**Work request**
Your response should match the records line for line.

(Brief descriptive captions)
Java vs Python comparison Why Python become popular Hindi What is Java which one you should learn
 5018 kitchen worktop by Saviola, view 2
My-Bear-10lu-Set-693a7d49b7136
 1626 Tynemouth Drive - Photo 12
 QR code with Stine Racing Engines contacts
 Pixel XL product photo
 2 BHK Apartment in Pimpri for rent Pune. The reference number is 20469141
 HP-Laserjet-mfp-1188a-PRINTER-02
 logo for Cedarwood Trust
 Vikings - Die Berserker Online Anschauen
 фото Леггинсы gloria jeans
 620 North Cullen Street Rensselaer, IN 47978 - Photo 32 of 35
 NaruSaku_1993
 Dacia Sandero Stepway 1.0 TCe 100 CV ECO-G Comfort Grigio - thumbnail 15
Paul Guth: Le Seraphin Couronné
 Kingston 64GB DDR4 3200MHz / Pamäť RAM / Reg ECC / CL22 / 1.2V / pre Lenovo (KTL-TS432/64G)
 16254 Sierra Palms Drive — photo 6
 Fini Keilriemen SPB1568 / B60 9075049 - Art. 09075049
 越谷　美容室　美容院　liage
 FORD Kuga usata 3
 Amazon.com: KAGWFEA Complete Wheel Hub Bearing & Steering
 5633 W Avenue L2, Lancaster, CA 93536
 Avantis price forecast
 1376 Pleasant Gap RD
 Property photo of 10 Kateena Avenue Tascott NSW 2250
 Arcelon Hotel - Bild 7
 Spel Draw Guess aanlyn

**The answer**
Java vs Python comparison Why Python become popular Hindi What is Java which one you should learn
 5018 kitchen worktop by Saviola, view 2
My-Bear-10lu-Set-693a7d49b7136
 1626 Tynemouth Drive - Photo 12
 QR code with Stine Racing Engines contacts
 Pixel XL product photo
 2 BHK Apartment in Pimpri for rent Pune. The reference number is 20469141
 HP-Laserjet-mfp-1188a-PRINTER-02
 logo for Cedarwood Trust
 Vikings - Die Berserker Online Anschauen
 фото Леггинсы gloria jeans
 620 North Cullen Street Rensselaer, IN 47978 - Photo 32 of 35
 NaruSaku_1993
 Dacia Sandero Stepway 1.0 TCe 100 CV ECO-G Comfort Grigio - thumbnail 15
Paul Guth: Le Seraphin Couronné
 Kingston 64GB DDR4 3200MHz / Pamäť RAM / Reg ECC / CL22 / 1.2V / pre Lenovo (KTL-TS432/64G)
 16254 Sierra Palms Drive — photo 6
 Fini Keilriemen SPB1568 / B60 9075049 - Art. 09075049
 越谷　美容室　美容院　liage
 FORD Kuga usata 3
 Amazon.com: KAGWFEA Complete Wheel Hub Bearing & Steering
 5633 W Avenue L2, Lancaster, CA 93536
 Avantis price forecast
 1376 Pleasant Gap RD
 Property photo of 10 Kateena Avenue Tascott NSW 2250
 Arcelon Hotel - Bild 7
 Spel Draw Guess aanlyn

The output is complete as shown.